MICHELLE THOMPSON/The Globe and Mail

The Essay is a daily personal piece submitted by readers. Have a story to tell? See our guidelines at tgam.ca/essayguide.

I'm not sure when my profound sense of guilt was "built" into my brain, but somewhere along the path of life I was bestowed with a very strong sense of feeling badly when I wasn't doing things the way I felt they should be done.

A forgotten birthday card or unreturned e-mail has been known to keep me awake at night. And while I admit that my overactive guilty conscience could be taken care of with a little more planning and less procrastination, I often feel trapped by the mysterious standards that demand we all behave in a relatively timely, civil and expected manner. Is it possible to live a guilt-free life?

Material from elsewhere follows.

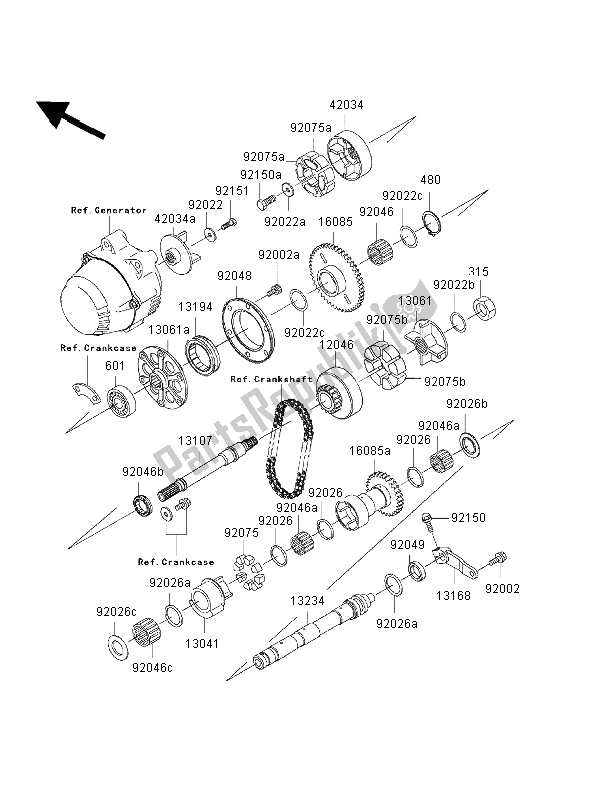 All parts for the Balancer of the Kawasaki ZRX 1200R 2002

It was with this heightened sense of wrong- and right-doing that I headed to Disney World with my family last March Break. My wife and our two sons were looking forward to a few days of theme-park fun amid the hordes of sun-soaking vacationers. To deal with the hordes, we had in our hip pocket a secret weapon – one that would propel me past the sanity-sapping lines, but headlong into a very personal and, of course, guilt-inspired epiphany.

You see, our younger son has Asperger's syndrome, and it had come to our attention that we could visit guest services at the parks and receive a pass that would send us to the front of the line for all rides. In the past our son had, in fact, managed to endure lineups that would bring a "neurotypical" adult to his knees. But on other occasions, he had declared at the top of his lungs that not only were we the worst parents ever, but that anyone who wanted to go on this ride was an idiot.

Clearly, it could go both ways – but did this developmental and mostly invisible disability truly merit an express pass to the front of the line?

Though on one hand the Disney offer seemed like manna from heaven, I couldn't help feeling I was taking advantage of my son's condition.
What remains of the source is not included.